Protecting the Security of Sensor Systems

Abstract

Sensors are a ubiquitous part of modern life, providing crucial data about the physical state of the world in application areas including entertainment in smartphones and virtual reality, transportation in aviation or (semi-)autonomous vehicles, manufacturing, smart infrastructure, and more. Thus a crucial aspect of ensuring the availability, integrity, and confidentiality of these applications is to ensure the same qualities in sensor systems. However, research shows how sensors may produce undesirable output that compromises security or privacy due to interaction with physical signals. For example, research shows that microphone output, representing sound, can instead represent light, a completely different quality. Adversaries can use this vector to launch attacks on sensor-reliant systems.

This dissertation posits the question, "How is systemic design for mitigating physically-based sensing vulnerabilities possible?" and sets a goal of laying the groundwork to enable such systemic design. This work contributes:

Methods, models, and language to categorize and analyze the space of physical sensor security. The primary categorization is between transduction and oversensing vulnerabilities. The Transduction Attack Model (TAM) provides a mathematical model to describe and categorize existing transduction vulnerabilities. For oversensing, the Anti-Oversensing System (OA-Sys) identifies categories of oversensing.

Mitigation design patterns for many physical sensor vulnerabilities to aid manufacturers and operating system designers. Specifically, existing mitigations for transduction vulnerabilities are categorized using TAM to reveal common design patterns to mitigate most oversensing vulnerabilities. OA-Sys provides preliminary mitigation designs for common sensor use-cases in smartphones.
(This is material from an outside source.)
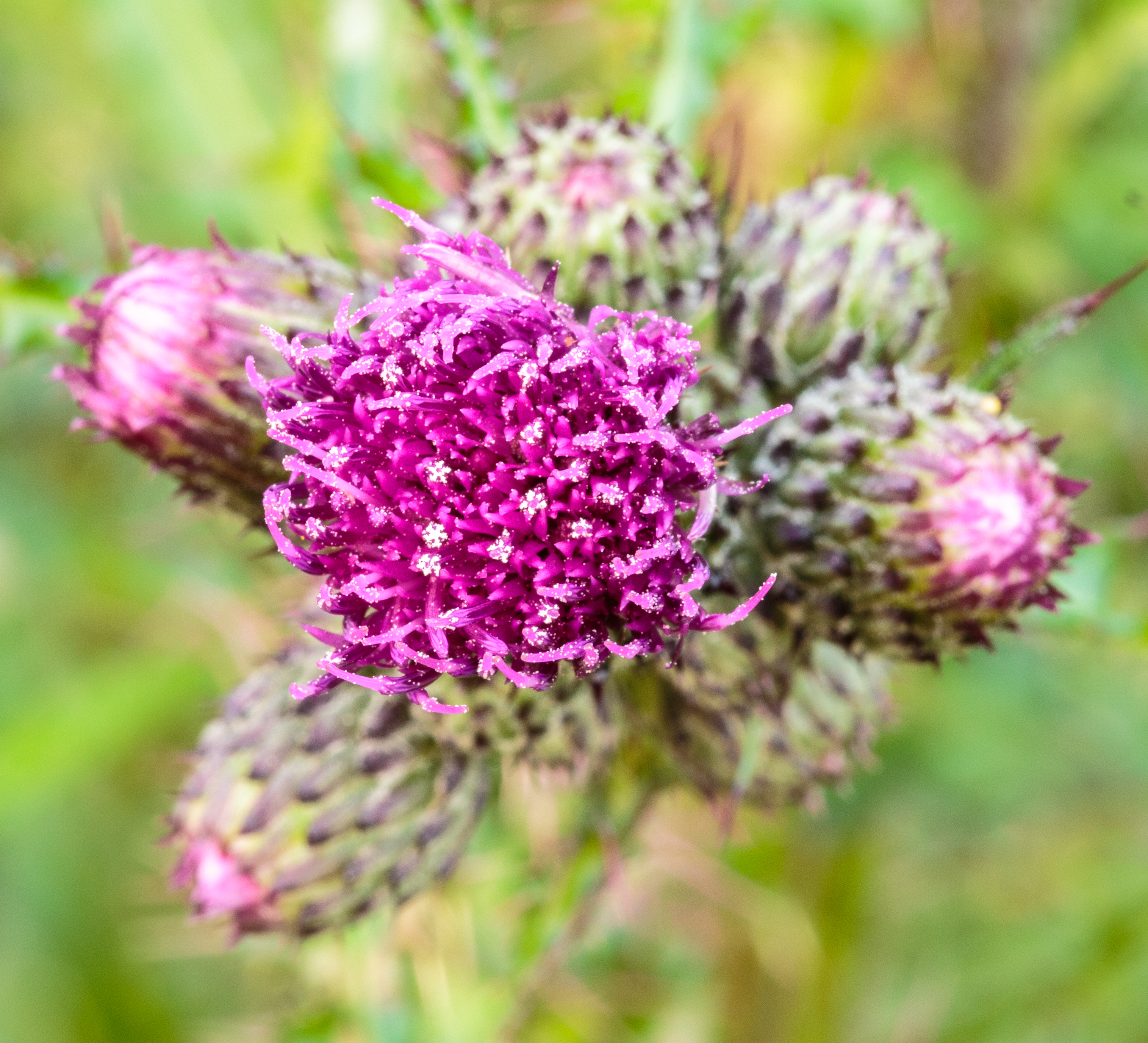 Speerdistel (Cirsium vulgare) 02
Specific case studies of how to apply higher-level knowledge on transduction and oversensing vulnerabilities learned in TAM and OA-Sys to specific problems. Blue Note described two transduction vulnerabilities using acoustic waves to interrupt hard disk drive availability. Touchtone Eavesdropping uses motion sensor data to sense user input in smartphones via how motion sensors capture mechanically coupled sound.